Depth error of an object of known dimensions estimated by the pixel-wise method can similarly be calculated. The depth error d is inversely proportional to the maximum dimension of the object (in pixels) and increases with the distance.

$\mathrm{d}=\mathrm{e}/\mathrm{w}*\mathrm{D}$

Using the above error estimate, and an average intercanine distance (w) of 33 mm, the depth error d of a full pixel error is 8.85 mm.

The accuracy of Microsoft’s ToF depth sensor is dependent on the depth measured and is reported as 5 mm at 50 cm in some publications (Mar et al., 2024).

The Depth Accuracy of stereo systems is dependent on the pixel pitch and square of the distance measured.

$∆\mathrm{z}=\frac{z^2}{f\text{˙}b}∆d$

Where Delta z is the depth error, Delta d is the pixel error, f is the focal distance in mm, and b is the baseline (distance between stereo cameras).

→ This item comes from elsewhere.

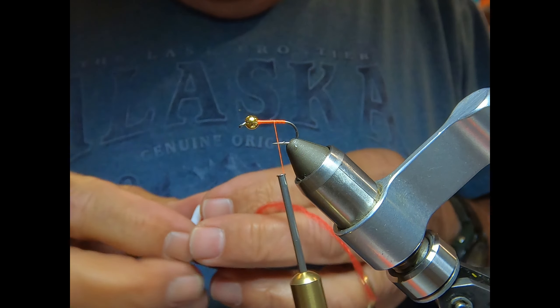The body is going to be made of two colors of straggle string. It's kind of glittery and has some good attractor colors. I'll use orange for ribbing and then green for the main body.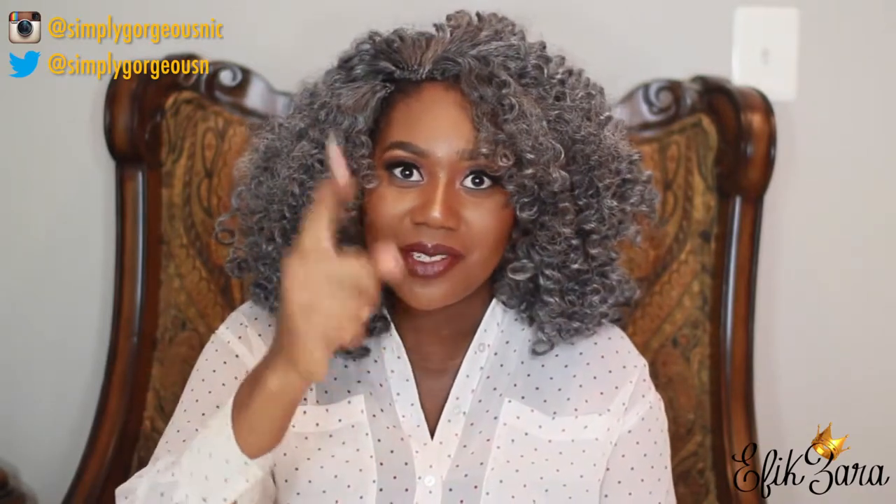Before I go, I want you to do three more things. One, subscribe to our channel — that is how you can keep up with my journey on this hair. Two, don't forget to like this video if you enjoy videos like this. Last but not least, share with your friends and share with your family. You never know — this style might inspire someone.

Due to sampling multiple “feature” pairs, some authors report the pixel error can be decreased to 0.2 pixels (c.f. NI vision systems). In the HoloLens system, where f is 8 mm, b is 10 cm, the pixel depth error is 4.43 mm at 45 cm.

Detector errors

A yolov8n model was trained as above. The results of training are shown in Figure 3. The reported “pose error” (c.f. Ultralytics) is 0.92 pixels. This corresponds to a planar error of 0.56 mm at a working distance of 45 cm.

Experimental results

An example of the experimental setup and the resulting overlay results are shown in Figure 4.

Figure 4

Figure 4. (A) Experimental setup: The headset is placed at a “working distance” from the typodont model. Headset pose data (in “world space”) and “object pose” (in “camera space”) are obtained and used for calculations. (B,C) Synthetic overlay of typodont model and “typodont roots” obtained using in-device “Mixed Reality Capture” functionality. (D,E) Through-the-lens camera capture of the same scenes using a digital camera.

Functionality. D, E: Through-the-lens camera capture of the same scenes using a digital camera. 34 poses were collected, with 4 poses containing only upper arch detection. 34 poses were used for upper arch calculations, while 30 were used for the lower arch. No pose estimates were excluded (i.e., no “outlier” exclusion). The system runs at 30 fps, and performs 7.5-9 pose estimations per second.

Headset pose

The headset was stationary for the duration of testing. The standard deviation of the collected headset poses is shown in Table 1.

Table 1

Table 1. Precision of normalized results relative to camera (operator) orientation. X, Y, Z indicate linear precision in millimeters, RotX, RotY, and RotZ indicate angular precision in degrees.

Upper arch

Camera space pose estimates for the upper arch are shown in Table 1 and Figure 5.

Figure 5

Figure 5. Positional and Rotational precision of Upper Arch detection in “camera space”.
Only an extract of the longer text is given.